Olhe nos meus olhos e deixe-se hipnotizar pelo som das minhas palavras, porque eu sou quem te deseja imensamente. Existem noites longas, que nunca terminam e o que sabes ao meu respeito, é pouco para fazer ideia do que eu sou capaz.
Nessas noites, acorda a predadora, egoísta
e egocêntrica, que estava adormecida no meu íntimo, tal e qual uma parasita na espreita, esperando a hora para se fazer notar. Ela não se importa com os teus sentimento, nem com o que dizes e o que tu desejas e transforma tudo em um vasto jogo de sedução e lhe importa somente o teu sangue quente e o sabor latente da satisfação.

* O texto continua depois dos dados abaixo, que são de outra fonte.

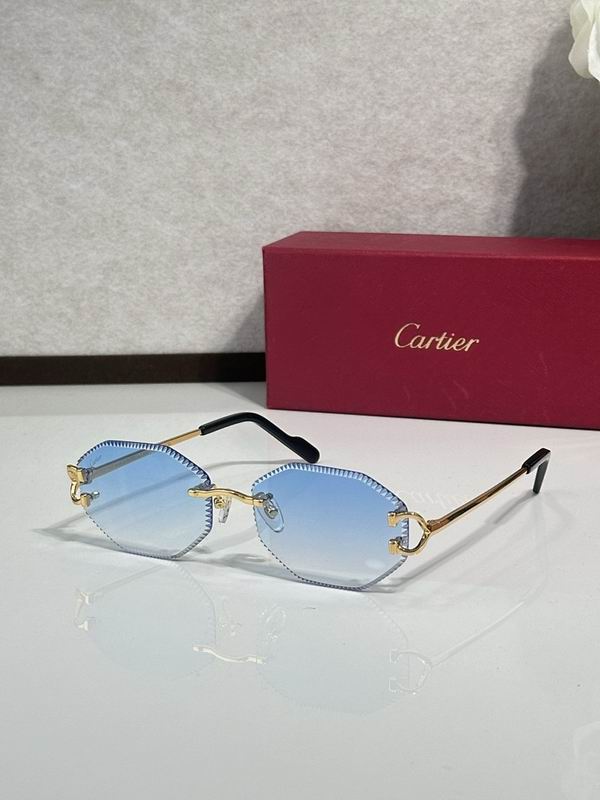Cartier Glasses smr (1515)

Essa predadora é fugaz, liberta-se de mim nas noites de prazer, deixa de ver-te como um ser e torna-te uma simples carne, pronta e disponível à devoração. Para satisfazer seu ego de predadora, se coloca à devora, à mastigar, lamber e lambuzar.
Obstinada e loquaz, sua atenções mudam de rumo, deixa de servir-te e toma o servir-se, sua maior prioridade é somente ela, e te quer moldado a sua mercê, quando teus medos, para ela não importam e teus desejos, para ela não passam de meras consequências das suas vontades mais vorazes.
É nessa hora, que a devoradora acordada do meu íntimo mais profundo, procura pelo simples prazer, deixando de lado todas as culpas e remorsos que poderão advir dos seus desejos, sem responsabilidade por usar e abusar, sem vergonha de realizar suas fantasias e caprichos. A devoradora ressurgida, reina selvagem sobre o teu corpo, qual fera faminta, salivando a tua carne e querendo possuí-lo.
E a fera me domina, deixo de responder pelos meus atos, torno-me inconsequente e ao te olhar nos olhos, causa-te um frio na espinha e descobres intimamente que ainda, não me conheces. A selvagem libertada quer de ti apenas prazer, exige a tua entrega e o domínio sobre a tua carne, para satisfazer os desejos mais ferinos. Atroz, ela te usa, abusa, se satisfaz, friamente e sem sentimentos, para depois mandá-lo embora, sem um beijo, sem nenhuma despedida, sem te olhar nos olhos, mas apenas aponta-te o dedo para a saída.
Depois que vai-te embora, deixa-me também a fera e eu fico cambaleante, sinto-me encurralada por deixar a besta sair, pois agora, que me sobrevém a calmaria, eu sou eu. As lágrima correm do meu rosto, por ter sido má e cruel. Exausta, adormeço em meu cansaço.
Acordo no outro dia, pego o telefone, ligo e peço-te para voltar. Pois agora, mais consciente, quero tão somente te amar, a predadora foi-se embora e vai demorar para voltar!